Por definição, website ou site é um conjunto de páginas web, isto é, de hipertextos acessíveis geralmente pelo protocolo HTTP na internet. O conjunto de todos os sites públicos existentes compõe a World Wide Web. As páginas num site são organizadas a partir de um URL básico, ou sítio, onde fica a página principal, e geralmente residem no mesmo diretório de um servidor. As páginas são organizadas dentro do site numa hierarquia observável no URL, embora as hiperligações entre elas controlem o modo como o leitor se apercebe da estrutura global, modo esse que pode ter pouco a ver com a estrutura hierárquica dos arquivos do site.

Trata-se de um conceito que se aplica a qualquer modalidade de transação comercial que implique na transferência de informações pela internet, podendo abranger desde leilões, comércio de mercadorias e bens e até serviços, sendo que os negócios entre empresas designam-se por B2B (business to business) e por B2C (business to consumer), temos os negócios que destinados aos consumidores.

Do ponto de vista dos bens tangíveis a internet se apresenta como sendo um intermediador de transações já existentes em nosso direito e, de economia tradicional. Se há a compra e venda de um livro ou um sapato pela internet, a relação está sendo entre o vendedor e o comprador da mercadoria. A internet está sendo meramente o meio, o intermediador. Não há o que se falar em regra específica para economia virtual nesse caso. 

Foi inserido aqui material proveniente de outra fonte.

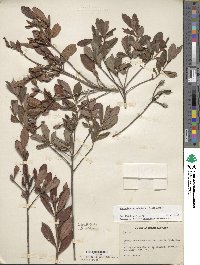 Rhododendron atlanticum image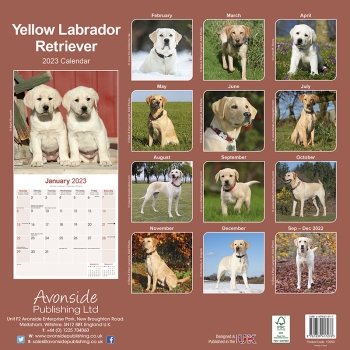 Kalender 2023 Labrador Retriever blond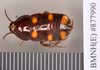 Neostylopyga sexpustulata (Walker, 1871): Holotype, unsexed, dorsal. BMNH(E)#877990. (Otu).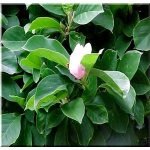 Magnolia soulangeana - Magnolia Soulange\'a - Magnolia pośrednia - biało-różowe FOTO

Para ocorrer o serviço de intermediação são necessários três sujeitos de Direito: um comprador, um devedor e aquele que se intercala, intervém, intercede, ou seja, o intermediário, que não é parte. O objeto a ser negociado pode ter natureza jurídica financeira, comercial, prestação de serviço de intermediação.

Os sítios eletrônicos funcionam como ponte de ligação entre estes fornecedores e os potenciais consumidores e é por este serviço de agenciamento que as empresas mantenedoras dos sítios eletrônicos recebem.

Ao verificar a tabela anexa à Lei Complementar nº. 116/2003 nota-se que este serviço enquadra-se no item 10 – Serviços de Intermediação e Congêneres, em seu subitem 10.10 – Distribuição de Bens de Terceiros, devendo, portanto, haver a tributação do ISS sobre este serviço.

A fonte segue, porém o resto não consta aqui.